En resumen, pese a que la falta de información correcta y útil es un problema que nos hace vulnerables a la desinformación y a todas las consecuencias que acarrea, la solución al problema necesita más cosas que información correcta. Hay que trabajar las dinámicas que generan resistencia a las evidencias presentadas, tanto en cuanto al estado de ánimo como en cuanto a la gestión de la confianza en las fuentes que las presentan.

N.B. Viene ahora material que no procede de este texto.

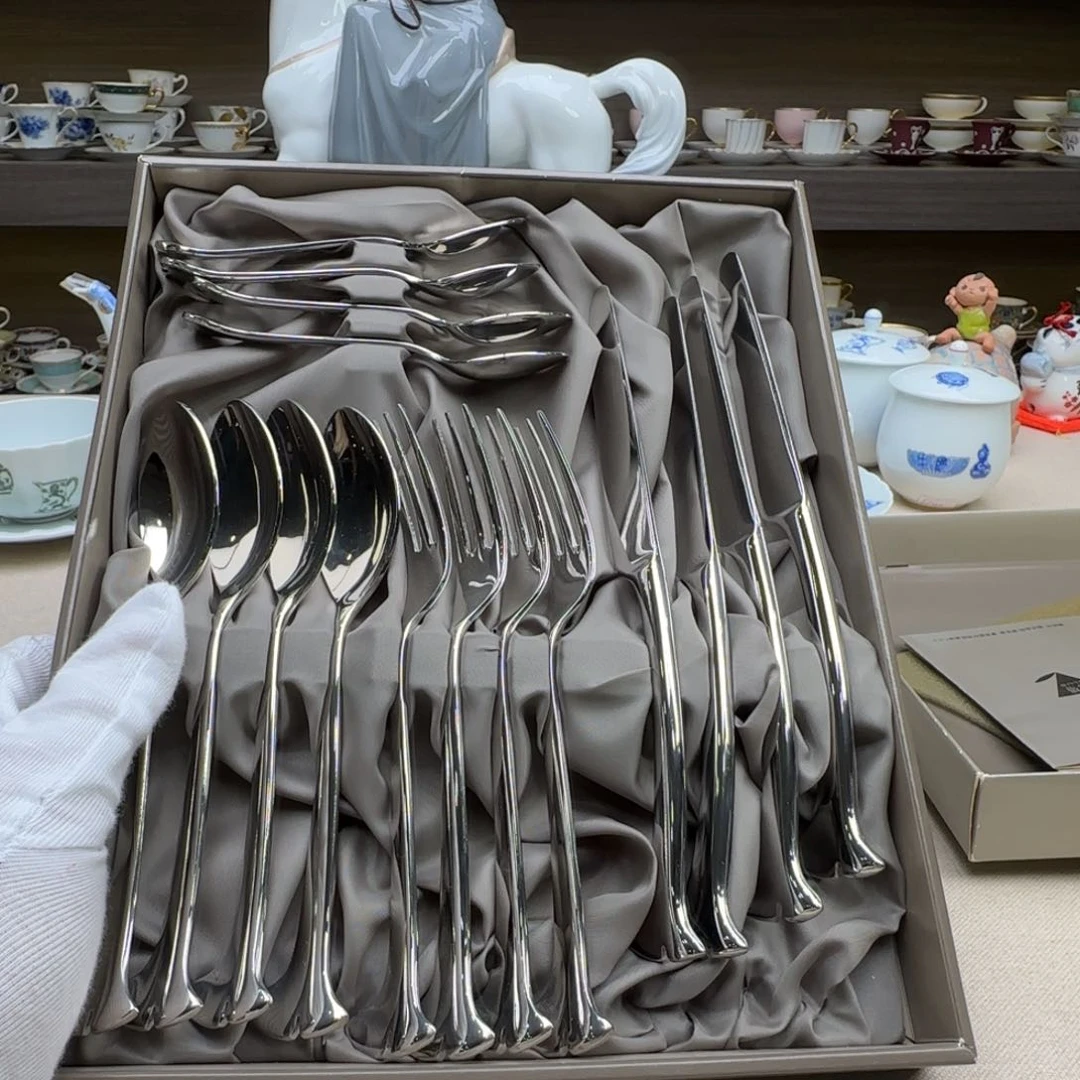瓷片哈哈哈哈哈哈哈哈哈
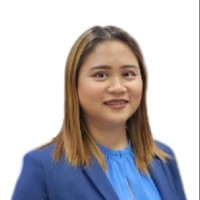 Trinity Joy Puyong-Pangilinan, CPA, CTT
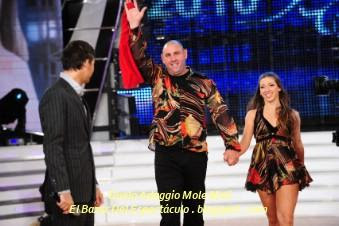 Duelo Adaggio Mole Moli.jpg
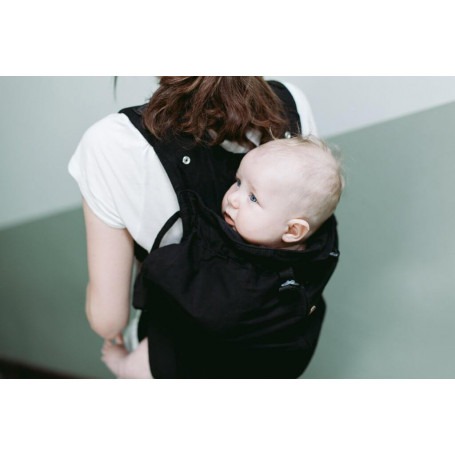 Porte Bebe Weego Original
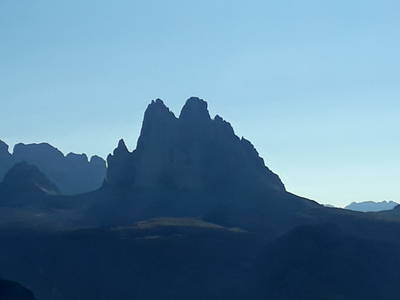 Bild 11 aus  Lechnerhof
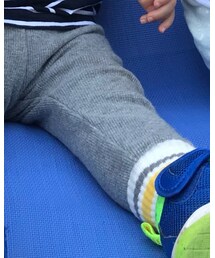 UNIQLO | パンツ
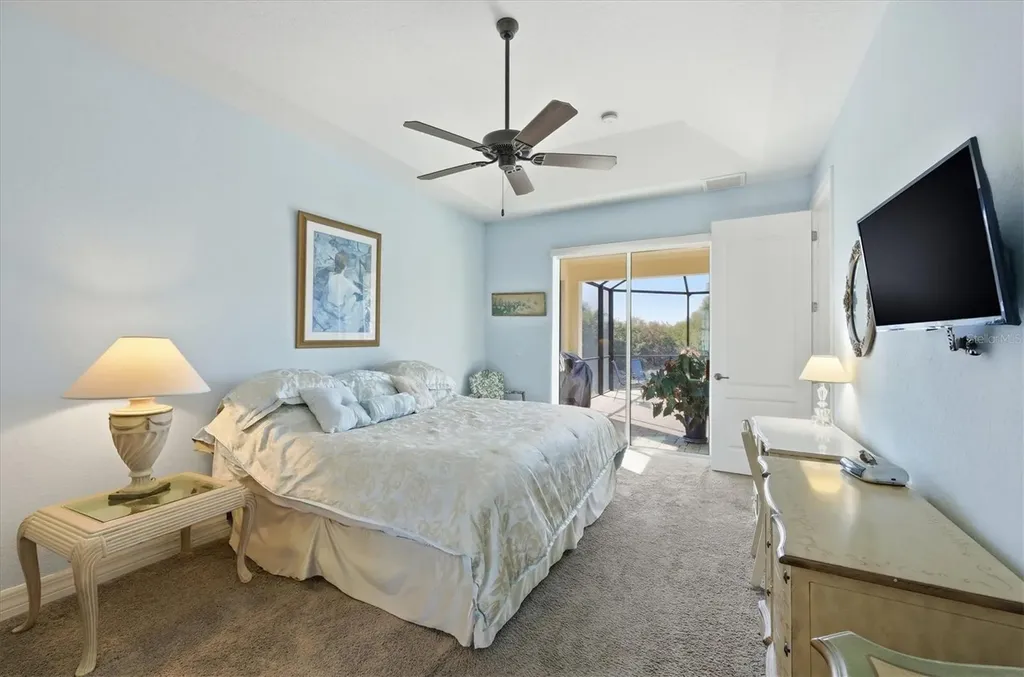 42 Pine Valley Place Rotonda West FL 33947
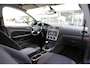 Ford Focus 1.6-16V First Edition*NL-Auto*Cruise-Control/Airco/Voorruisnelontdooier/Lichtmetalen wielen*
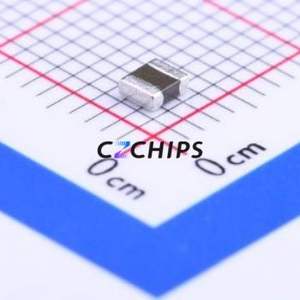 Inductor de Potencia MHCD252010A-2R2M-A8S 1008 (Inductancia: 2.2uH) (Precisión: 20% Corriente de Saturación (Isat): 2.6A) - Product Image 2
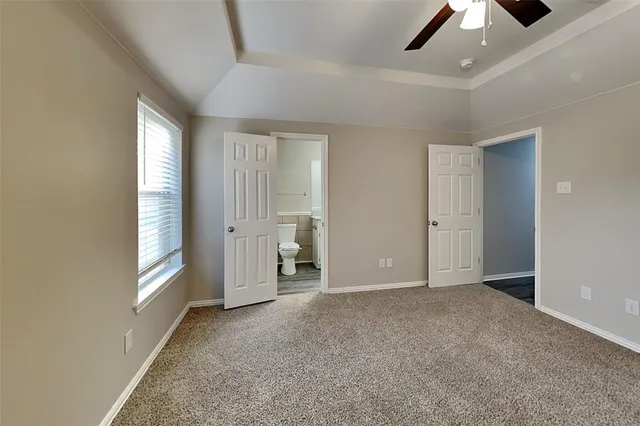 $2,100 | 2507 Boulder Drive, Corinth, TX 76210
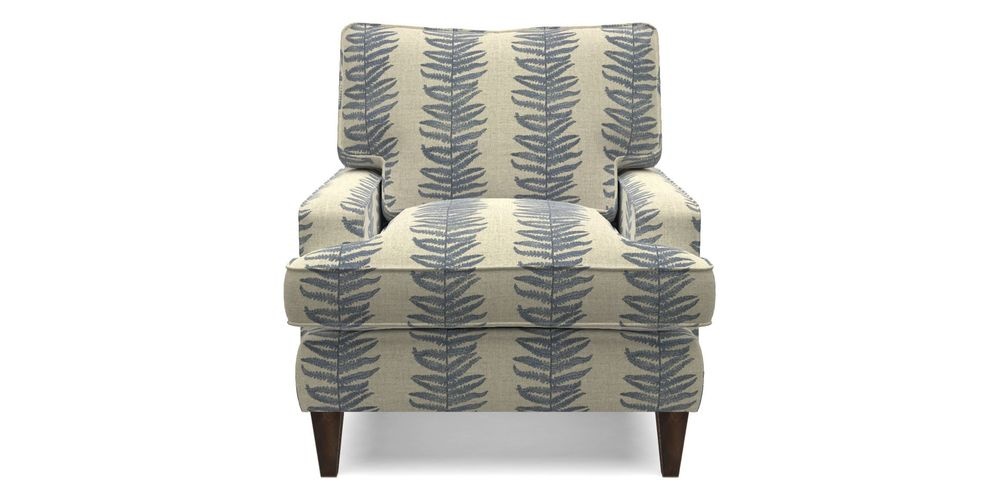 Gents Chair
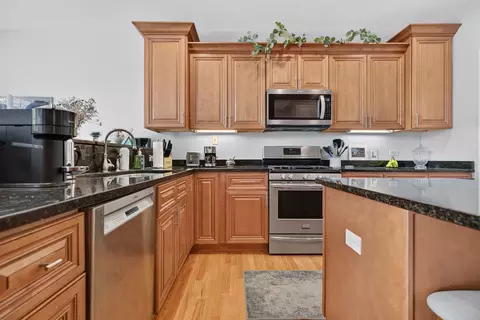 176 Partridge Ln, Bartlett, IL 60103 photo 10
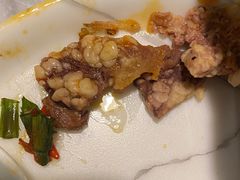 -中8楼风尚云南菜(颐堤港店)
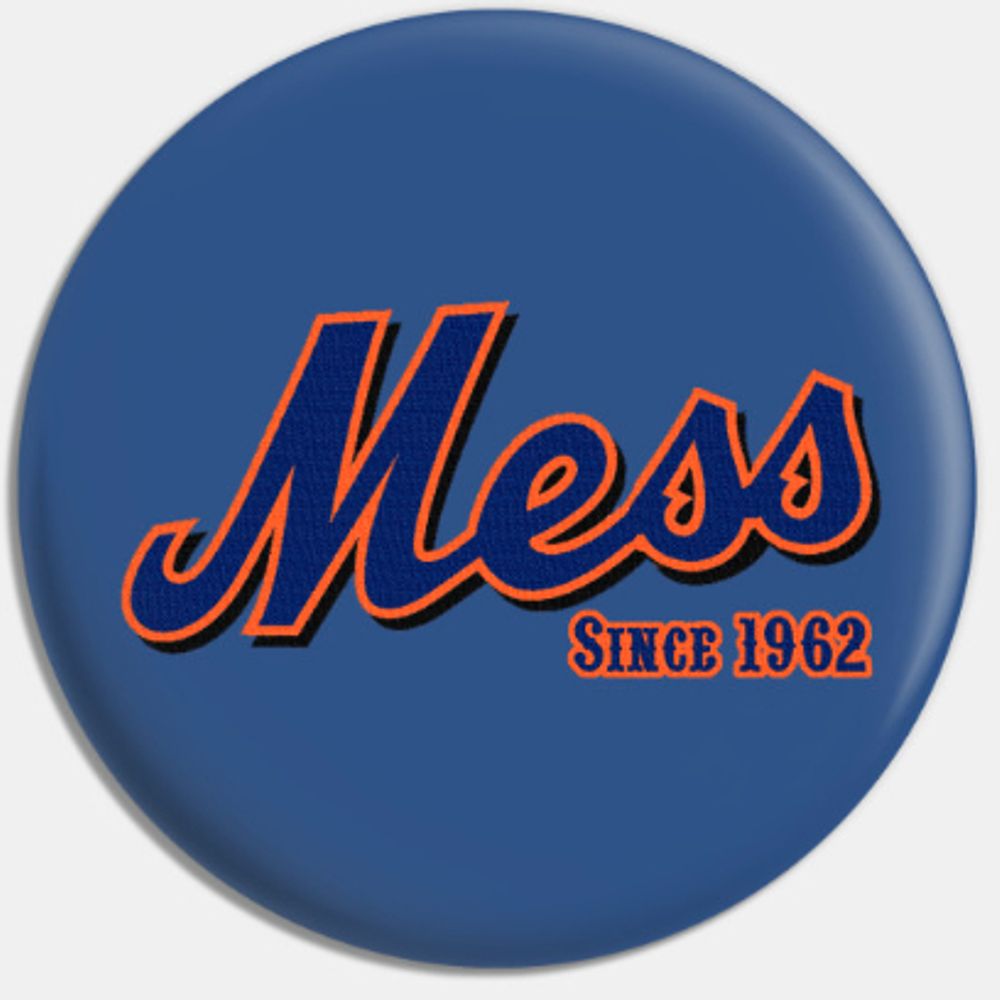 MetsProspectHub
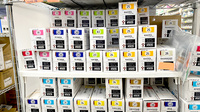 くすりのマルト調剤薬局　谷川瀬店の漢方薬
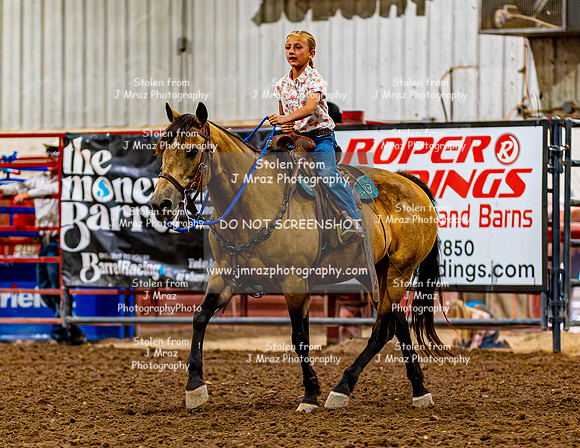 LWrightMemorial-Sat-PeeWee-JMrazPhotography-85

En este sentido, como explicaron Wikforss y Lemon, un elemento clave para entender el fenómeno es la generación de identidades y narrativas que determinan las percepciones de los individuos, porque son estas narrativas las que determinarán como se gestiona la información que se recibe. Trabajar en la generación de narrativas productivas, conciliadoras y tolerantes, con las que los individuos se puedan identificar, es uno de los grandes retos que debe afrontar la democracia actual si no quiere seguir cayendo en las dinámicas de polarización, intolerancia y extremismo actuales.